- [WHAT IS NEEDED]: For this task, extract exactly the lines of the data below, from the line containing "Big Silver Lake" through the last one, with pictures left out.

- [GIVEN MATERIAL]:
*** Begin section ***

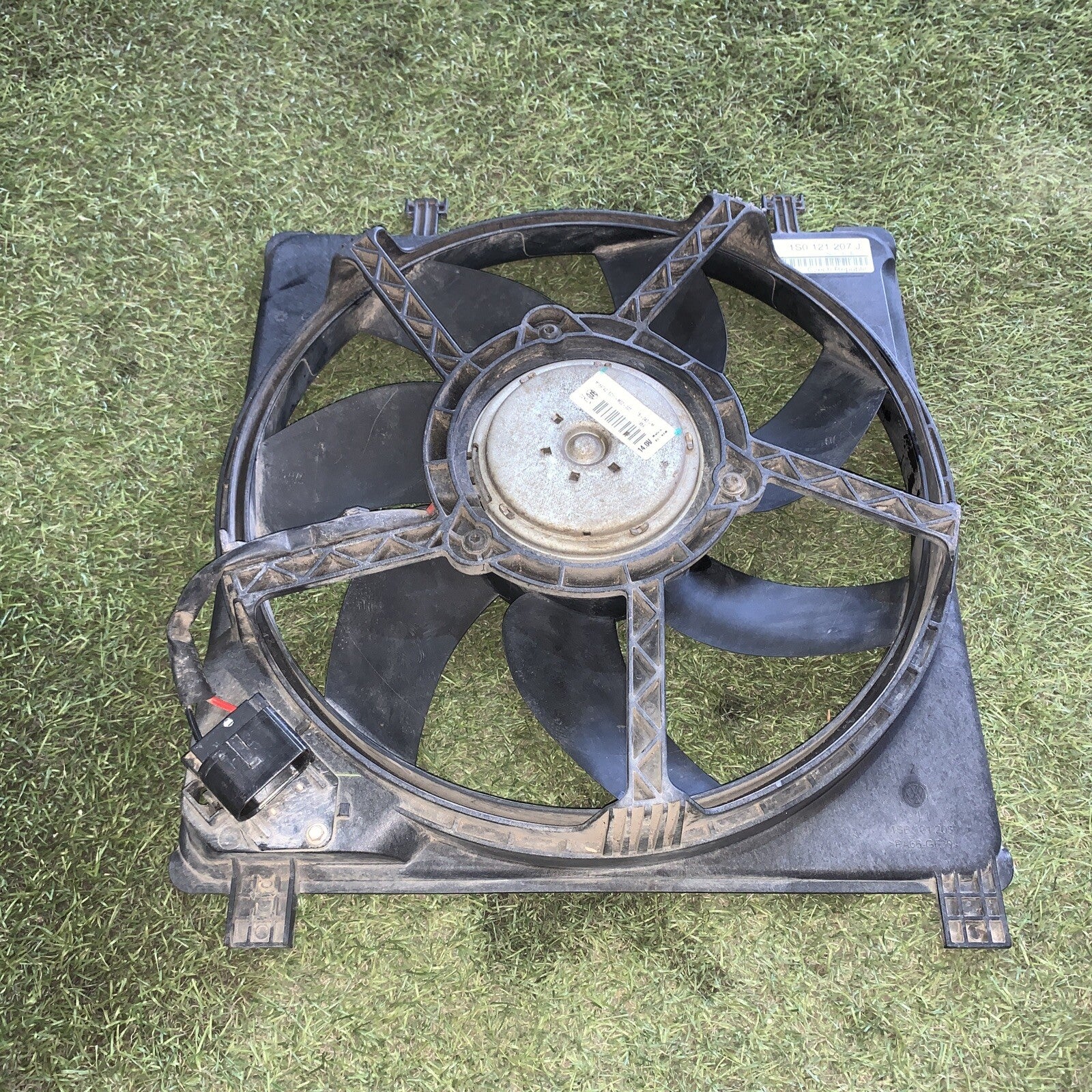 1S0121207J ELETTROVENTOLA SKODA Citigo 1° Serie 1.0 benzina (2015)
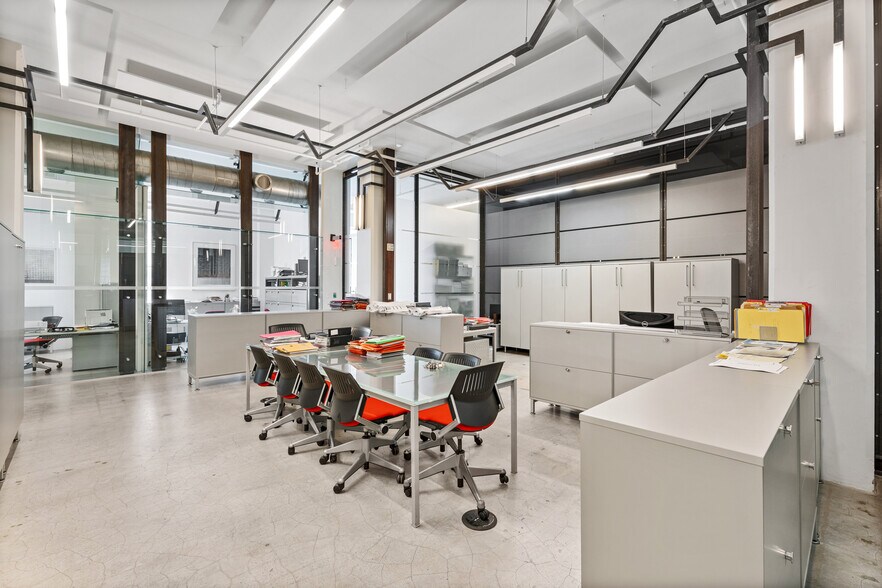 More Photos Of 5960 SW 57th Ave, Miami Office For Sale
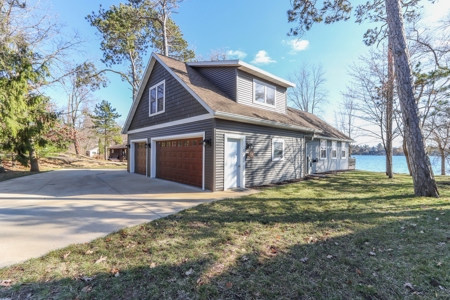 Big Silver Lake Home for Sale in Wautoma, WI - image 10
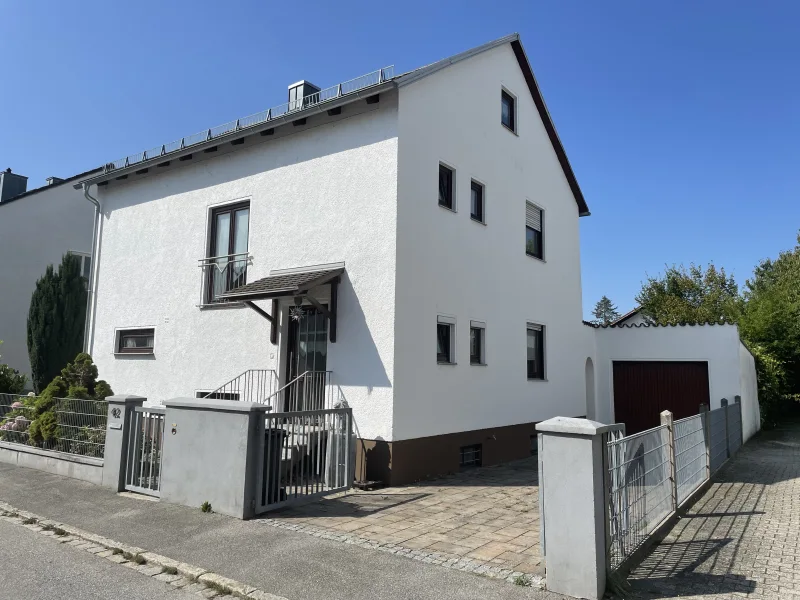 Ansicht - Haus kaufen in Straubing - Liebevoll gepflegtes Einfamilienhaus mit großem Garten in begehrter Lage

*** End section ***

- [TASK RESPONSE]:
 Big Silver Lake Home for Sale in Wautoma, WI - image 10
 Ansicht - Haus kaufen in Straubing - Liebevoll gepflegtes Einfamilienhaus mit großem Garten in begehrter Lage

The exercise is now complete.